I have heard that in some parts of the world the sap begins to run in the spring. I can now testify that Cambridge is not one of those parts of the world. It has been muggy and sunless with scarcely a handful of clear days in the last two-and-a-half months. Sap may run somewhere under those conditions, but it certainly isn’t in human beings in this godawful country. In fact the reaction is quite the converse. All the boys about the law school complain about general lassitude and mental and physical inertia.
The lack of springtime rejuvination has not been attended with a recent lack of rejuvinating fluids. It is perhaps not a strange thing that the common element among these diverse grads is a common taste for good scotch. I haven’t yet run across anybody who is willing to buy or even drink anything like cheap liquor or anything less than a damn good grade of scotch. A wild Irishman from South Dakota and an Iowan who has been teaching law in Washington University, together with the Dean’s secretary, have made common cause with me upon frequent occasions lately. First of all, of course, there was the occasion of the orals, the Iowan and I both took them. Then there was the occasion of our Administrative Law exam. Then there was that created by the Iowan having obtained a new job at West Virginia. And then just the occasion. So on and more of it. In more than a meteorological sense it is turning out to be a wet spring.

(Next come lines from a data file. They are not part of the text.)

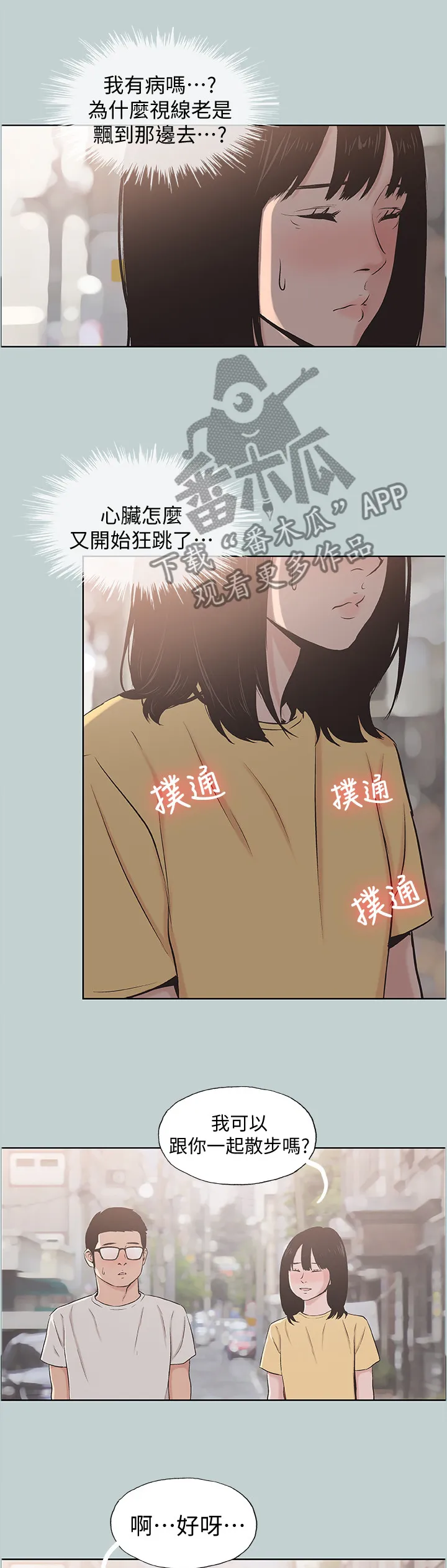 那年夏天漫画漫画,第143章：我们到此为止吧3图
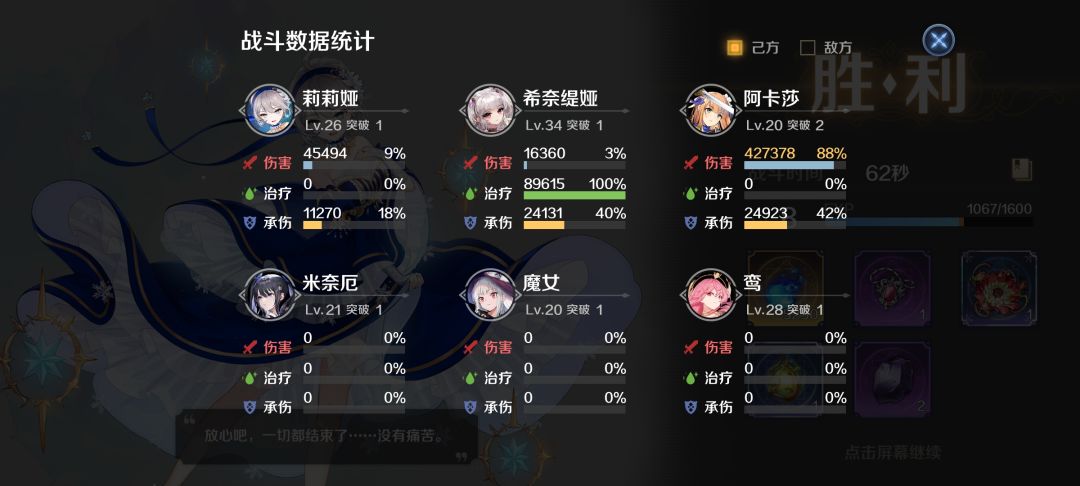 2-13给大家推荐一个阵容截图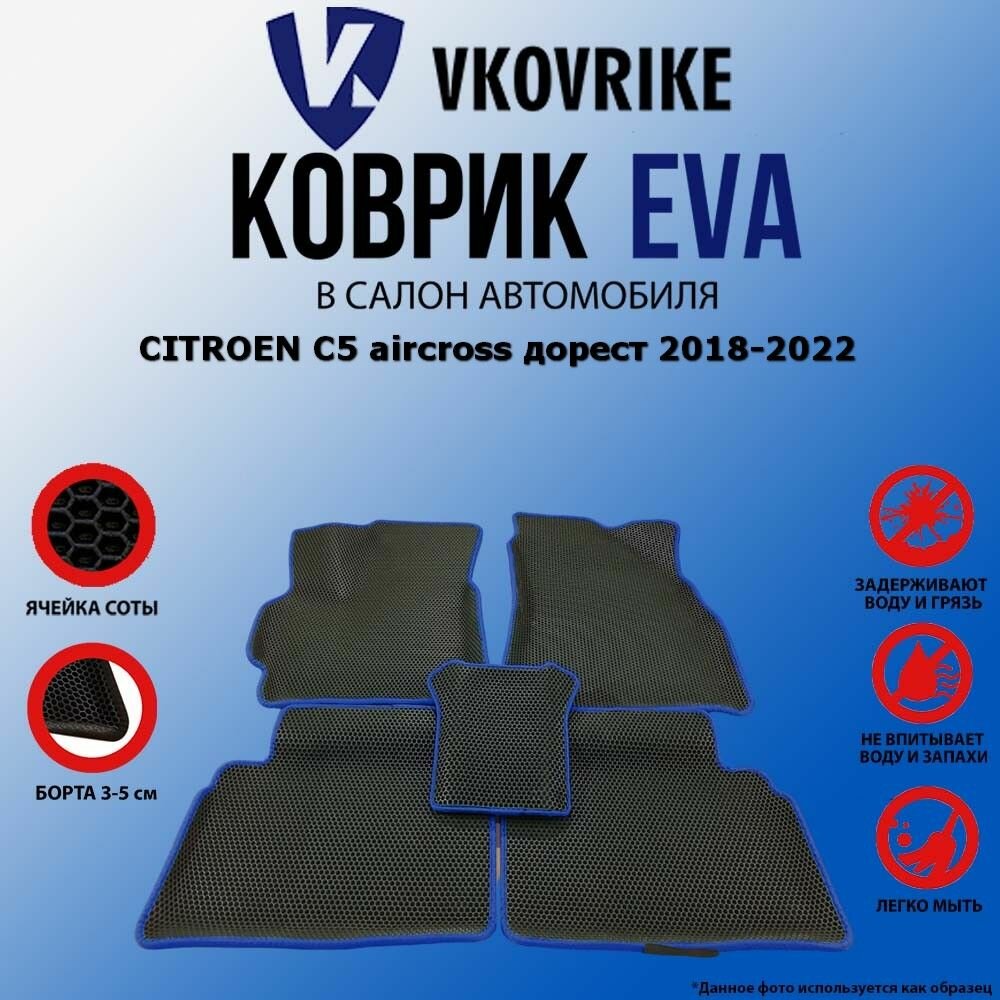 Коврики для CITROEN C5 aircross дорест 2018-2022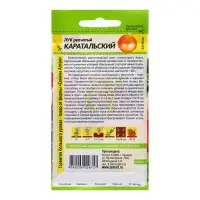 Семена Лук "Каратальский", ц/п,  0,5 гр.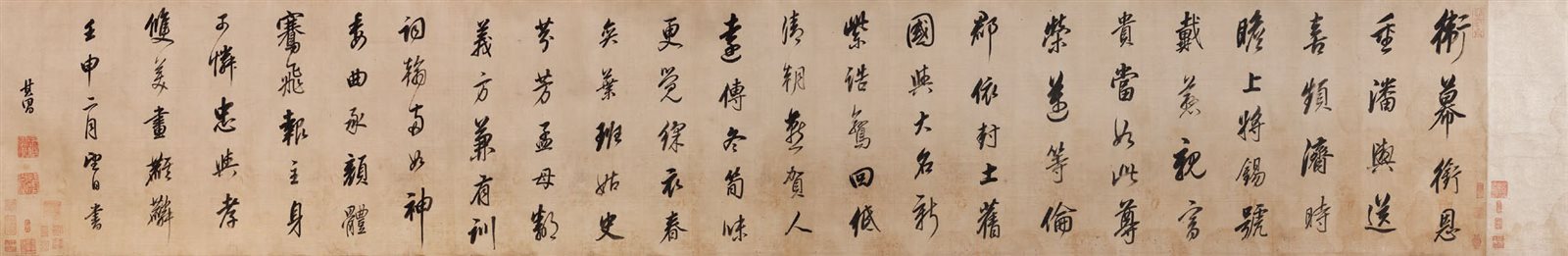 行书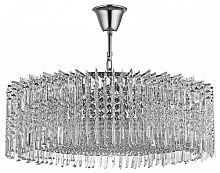 Люстра на штанге Dio D’Arte Maggio Maggio E 1.5.80.100 N в Нижнем Новгороде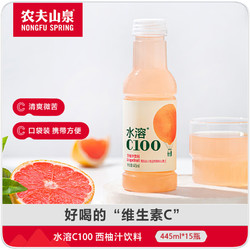 NONGFU SPRING 农夫山泉 水溶C100 西柚汁 445ml*15瓶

Letters from the University of Chicago
Dr. and Mrs. tenBroek moved to Chicago in July 1940 to begin his position as a tutorial fellow at the University of Chicago Law School. In a September 7, 1940, letter to Estelle and Gerry Marsh, Dr. tenBroek described their first days in Chicago, his new workplace, and the receipt of his SJD from Berkeley:
Well here we are in Chicago and after many trials and tribulations are finally settled both in our office and living quarters. Our office accommodations here are meagre after the luxury Harvard squandered on us. After walking for a day and a half, we finally found a satisfactory apartment that was within our price range. In the course of all that exploration we found only three apartments below $45 that had a private bath. Bathing seems to be a Western custom that has only partly penetrated to the Midwest and hasn’t got through to New England at all.
The first-year students, in addition to their regular courses, are required to do research. For this purpose they are divided into groups numbering from seven to ten and allocated to tutorial fellows and interested faculty members. After the initial assignment, the job apparently consists in suggesting and requiring revisions until a comparatively creditable piece of work is presented.
The members of the faculty and everybody else, except the Dean’s secretary, around the law school are extremely friendly, and we are treated very much as if we were in full status on the staff. After ten months of New England frigidity we had forgotten that Westerners were like that.
Before leaving Cambridge, I was given notice that I passed my S.J.D. orals, that I received A’s on the written exams, and that the University of California had conferred upon me the degree of Doctor of the Science of Jurisprudence. If you ever doubted my sanity, this should be the final evidence as to the error of my ways; that upon the completion of my Harvard thesis, I shall be twice a doctor.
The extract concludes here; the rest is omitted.